Dr. Scott M. Baker's MasterBlaster Puts Eight Intel 8008s to Work in a Game of Life "Supercomputer"

Named for characters from Mad Max Beyond Thunderdome, MasterBlaster spreads the work across multiple 1970s CPUs.

Gareth Halfacree
5 months agoRetro Tech

Dr. Scott M. Baker has built a supercomputer, of sorts, which puts eight processors to work churning through Conway's Game of Life — though as they're all Intel 8008s, performance isn't exactly high by modern standards.

"I've been looking to do a parallel computing project for a while," Baker explains of the project, which blends more modern parallel processing with some of Intel's first eight-bit CPUs. "I've toyed around with lots of different ideas — everything from 8086 to Z8000. But lately I had done a few 8008 CPU projects and I decided to finally take the multiprocessor leap and design myself a small multiprocessor computer."

In 1972, this would have been a true desktop supercomputer: eight Intel 8008 chips cooperating together. (📹: Dr. Scott M. Baker)

The resulting design, dubbed MasterBlaster for reasons which will become clear, is based around eight Intel 8008 CPUs. First released in 1972, the 8008 is an eight-bit design clocked at between 500kHz and 800kHz — and yes, that's kilohertz, not megahertz — capable of addressing just 16kB of memory. Made up of a mere 3,500 transistors, it's a device dwarfed by even the cheapest of modern microcontrollers let along Intel's current output — but it remains an interesting piece of history, particularly owing to its place in Intel's development of the still-extant x86 architecture.

Contemporaneous systems built with the Intel 8008 typically used just one, but Baker's design uses eight. As the device wasn't made with symmetric multiprocessing in mind, the retro-themed "supercomputer" is split into seven "brawn" devices and one "brain" device — named Blaster and Master respectively, for the characters in the post-apocalyptic Mad Max Beyond Thunderdome, Baker explains. Master is given a 16kB ROM as well as RAM, but the seven Blasters have to make do with just RAM.
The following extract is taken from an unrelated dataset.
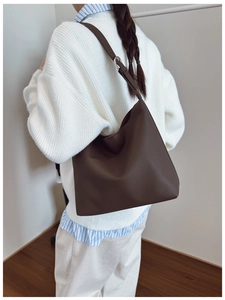 Close-up of brown pebbled leather hobo bag showing texture and adjustable wide shoulder strap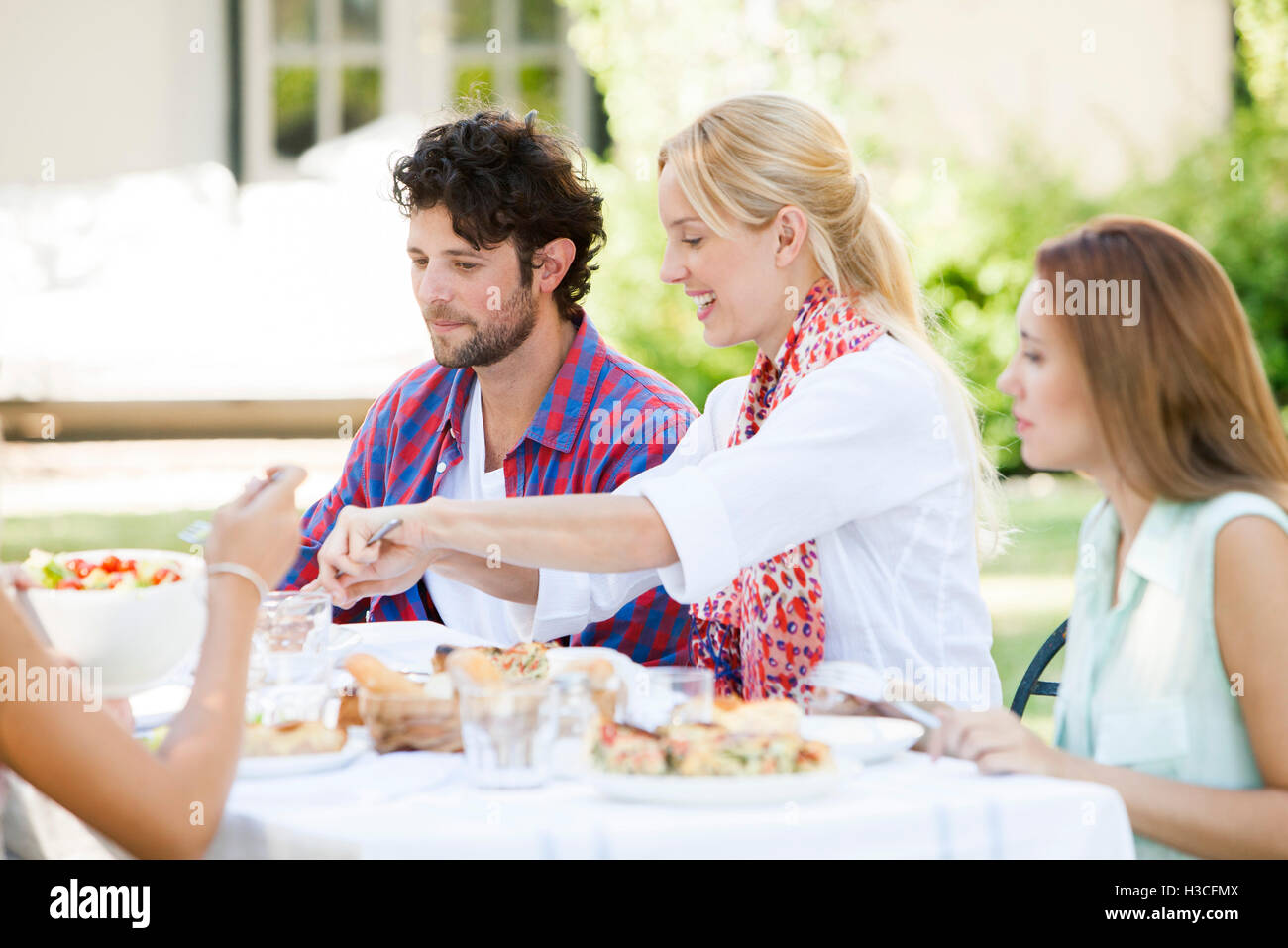 Friends having meal together outdoors Stock Photo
"I wanted keep things relatively simple, so I went with a synchronously shared memory design," Baker writes. "I’m calling it synchronously shared because there is a distinct order to who has access to Blaster’s memory. Either Blaster is running and using the memory, or Blaster has halted and Master can use the memory. It’s not possible for both of them to use the memory at the same time."

An initial prototype of the MasterBlaster system revealed a problem: given the job of calculating Conway's Game of Life, the device would run for a few hundred cycles then crash. Baker traced this to a clash between an interrupt signal being sent to a halted Blaster to restart it and the O1 clock being dropped. "Move it just a few nanoseconds earlier or a few nanoseconds later," Baker writes of the instruction, "and it's fine. I ended up solving this by using a flipflop to ensure I only interrupt on the low-to-high transition of O1, and never on the high-to-low transition."
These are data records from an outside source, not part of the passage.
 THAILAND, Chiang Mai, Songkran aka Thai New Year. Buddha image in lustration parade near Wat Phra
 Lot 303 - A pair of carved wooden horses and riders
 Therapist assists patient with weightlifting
The finished device divides a Conway's Game of Life grid into four-row blocks — which gives six of the Blaster boards something to do, though the seventh remains idle. "It would potentially [introduce] more overhead due to the complexity of trying to use him than just to ignore him," Baker explains.

The full project write-up is available on Baker's website, while schematics and source code are available on GitHub under an unspecified license. The Gerber files for producing PCBs, meanwhile, had not been published at the time of writing, with Baker saying they would be available "soon after I fix the next revision."